Era general-de-brigada, sem comando, e, na conversa, disse que Brasil
e Argentina desperdiçavam energias com a rivalidade, já que o verdadeiro
inimigo estava dentro da Argentina, matando o povo para aterrorizá-lo e tomar o
poder, aproveitando-se do governo fraco da viúva de Perón. Católico praticante,
ía à missa com comunhão todos os dias. Foi carola até nos filhos: nove. Alto e
magro, tinha o apelido de pantera-cor-de-rosa.
Reencontrei-o um ano
depois, quando eu cobria o encontro de
exércitos das Américas, em Montevidéu. Ele já era comandante do Exército. E me
confidenciou: “Olhe, hoje há uma guerra interna na Argentina. Mas uma guerra
estranha, em que apenas um lado está lutando: o lado da guerrilha e dos
terroristas do ERP e dos Montoneros.
Em breve, eles dominarão a Argentina e o
Cone sul, se não houver uma reação. Vai ser preciso entrarmos nessa guerra. Vai
correr muito sangue. Pode ser o meu sangue ou de alguns de meus nove filhos.

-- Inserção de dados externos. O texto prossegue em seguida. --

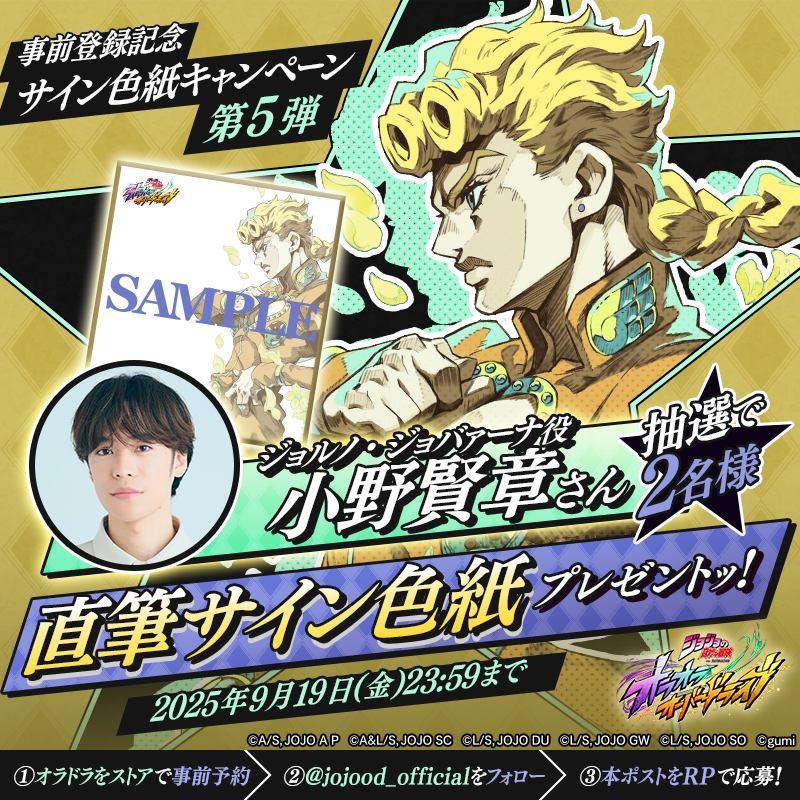ジョジョの奇妙な冒険 オラオラオーバードライブ』事前登録記念 サイン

Mas será preciso correr sangue, ou não teremos paz.”
Em 24 de março de 1976,
ele tirou a presidente fraca sob o aplauso da nação, entrou na guerra e venceu.
Ameaçado, 10 dias antes eu me mudara para Brasília, depois de ter sido
sequestrado pelos Montoneros - a extrema esquerda - e perseguido de morte pela
Triple A - a extrema direita. A partir de então, deixei de testemunhar os
acontecimentos na Argentina.
Agora leio as notícias da
morte de Videla. Dizem que morreu de hemorragia causada por uma queda na
prisão. E todas as notícias o responsabilizam por conduzir uma guerra suja.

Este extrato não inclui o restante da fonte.